• WHAT IS BEING ASKED
Only the lines from the one with "Shiny Calfskin Crocodile" to the end of the data, both ends included, should be output, exactly as they stand and without pictures.

⁂

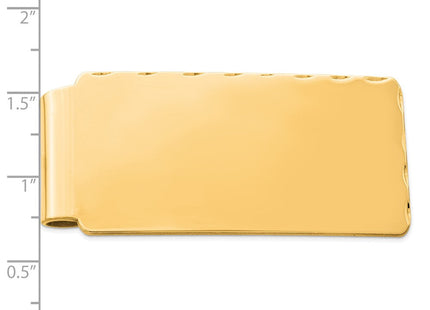 Sterling Silver Gold Plated Wide Diamond Cut Edge Money Clip, view 2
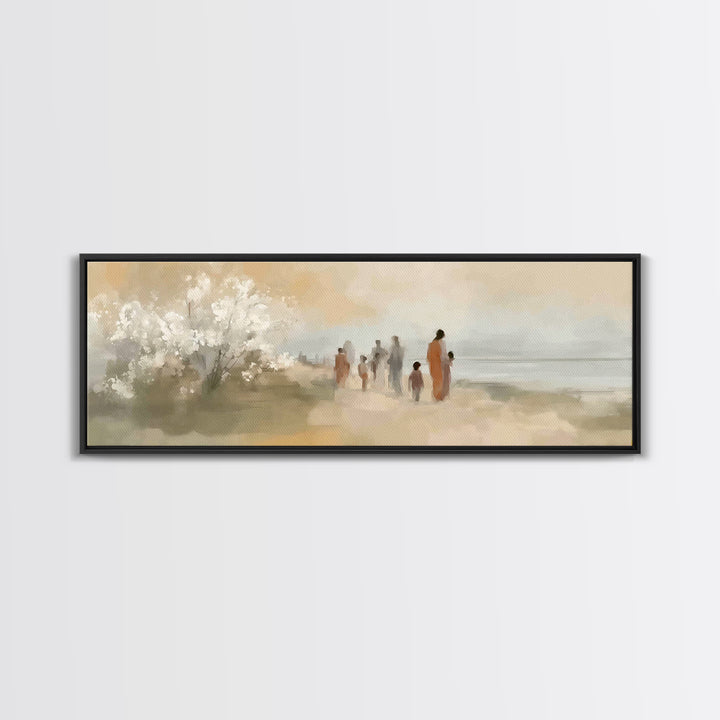Morning Of Peace – Framed Canvas Print – Christian Art Print – Panoramic Frame – Jesus Painting – Christian Wall Art – Christmas Art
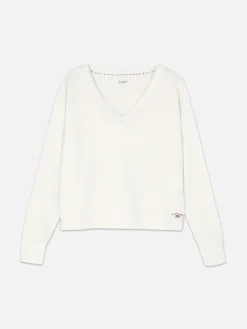 New Primark Haut De Pyjama Large à Manches Longues Et Col En V Blanc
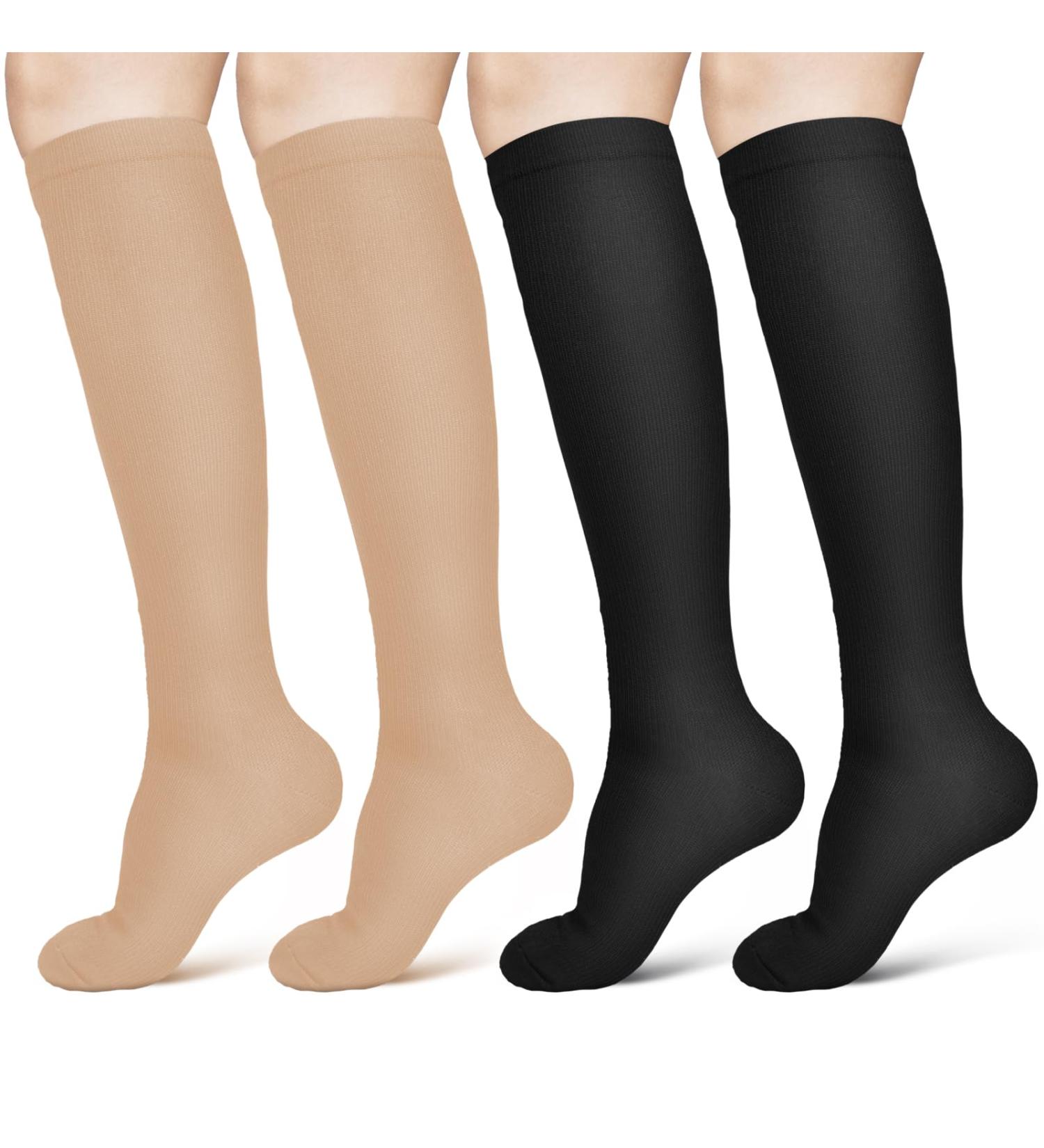 Acwoo Compression Stockings for Men & Women | Medical Knee Socks | 2 Pairs Black & Beige | Thrombosis Compression Socks - Buy Online on GoSupps.com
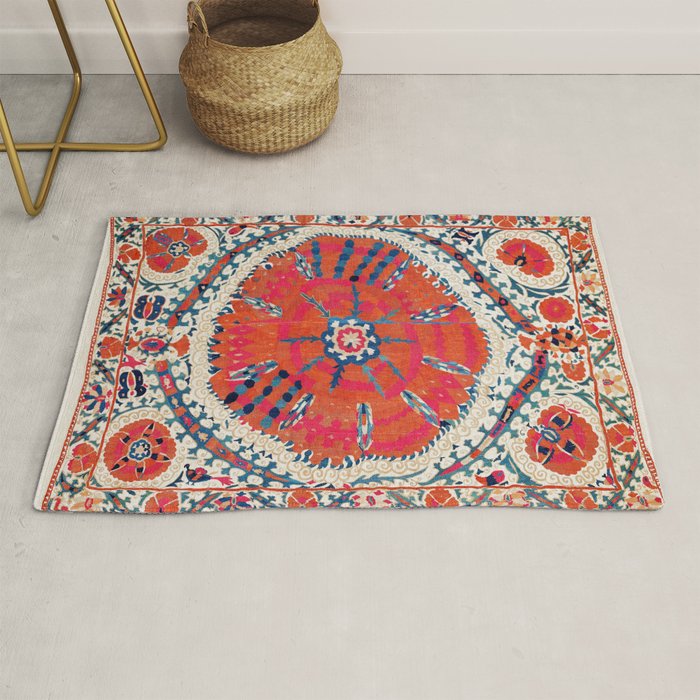 Large Medallion Suzani Bokhara Uzbekistan Embroidery Print Rug Gallery Image 1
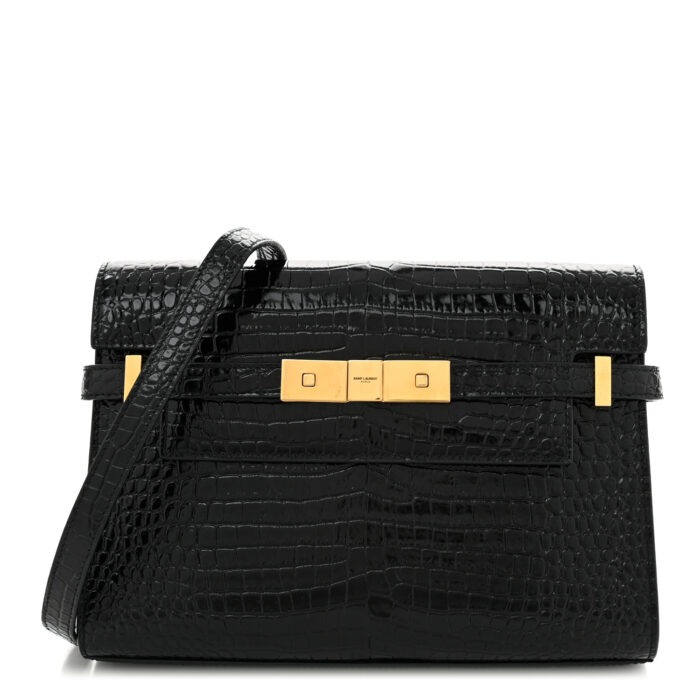 Shiny Calfskin Crocodile Embossed Small Manhattan Baguette Black - Image 1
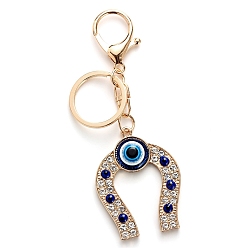 Golden Alloy Rhinestone Keychains, with Evil Eye Horseshoe Pendants, Golden, 11.8x4.2cm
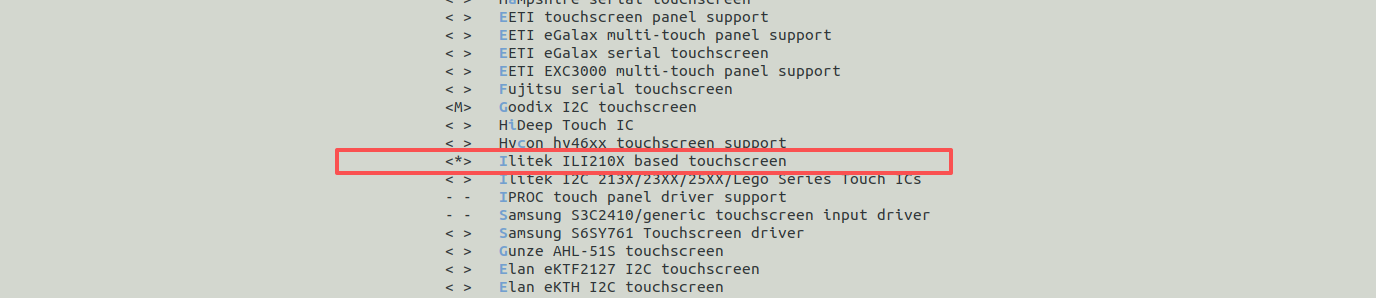 Selecting the Ilitek ILI210x/ILI251x I2C touchscreen driver in Linux kernel menuconfig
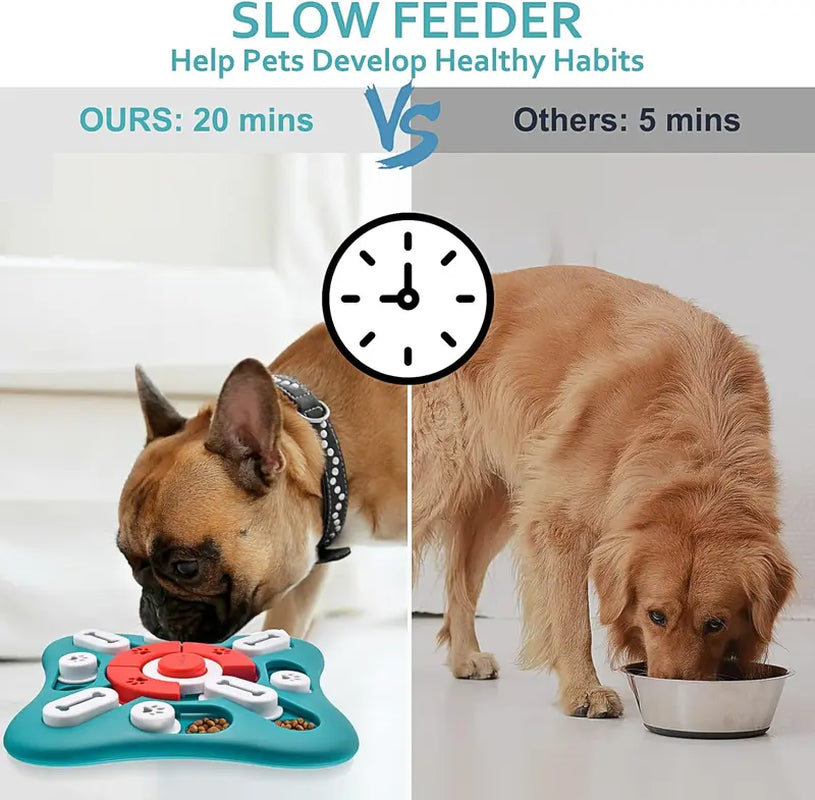 Dog Puzzle Toys, Squeaky Treat Dispensing Dog Enrichment Toys for IQ Training and Brain Stimulation, Interactive Mentally Stimulating Toys as Gifts for Puppies, Cats, Small, Medium, Large Dogs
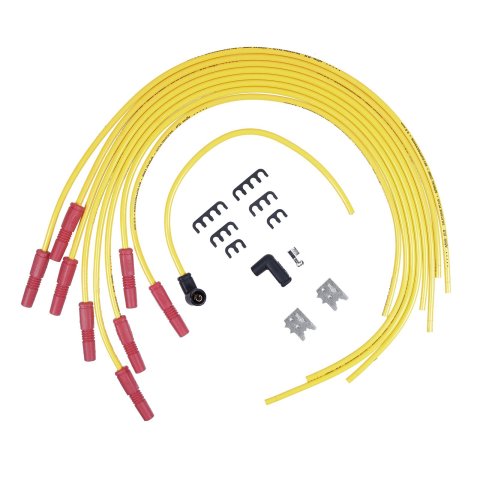 ACCEL 8.8mm Spiral Wire Sets 8033 Spark Plug Wires, Silver Coated Copper Core, Yellow, Straight Boots, GM, Chrysler, Ford, V8, Set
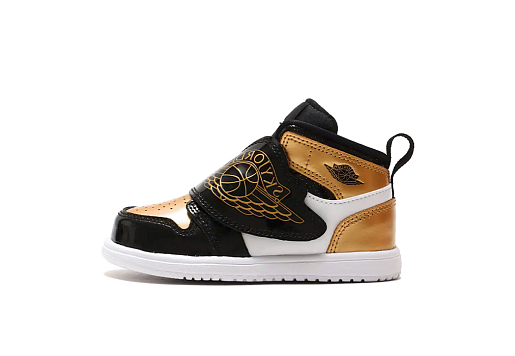Nike Air Jordan Sky Jordan 1 Mid Black Metallic Gold White Kids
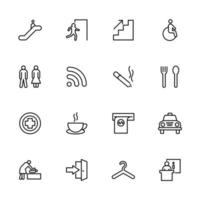 Set of Line Icons for Public Navigation Symbols vector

⁂

• ANSWER BOX
 Shiny Calfskin Crocodile Embossed Small Manhattan Baguette Black - Image 1
 Golden Alloy Rhinestone Keychains, with Evil Eye Horseshoe Pendants, Golden, 11.8x4.2cm
 Selecting the Ilitek ILI210x/ILI251x I2C touchscreen driver in Linux kernel menuconfig
 Dog Puzzle Toys, Squeaky Treat Dispensing Dog Enrichment Toys for IQ Training and Brain Stimulation, Interactive Mentally Stimulating Toys as Gifts for Puppies, Cats, Small, Medium, Large Dogs
 ACCEL 8.8mm Spiral Wire Sets 8033 Spark Plug Wires, Silver Coated Copper Core, Yellow, Straight Boots, GM, Chrysler, Ford, V8, Set
Nike Air Jordan Sky Jordan 1 Mid Black Metallic Gold White Kids
 Set of Line Icons for Public Navigation Symbols vector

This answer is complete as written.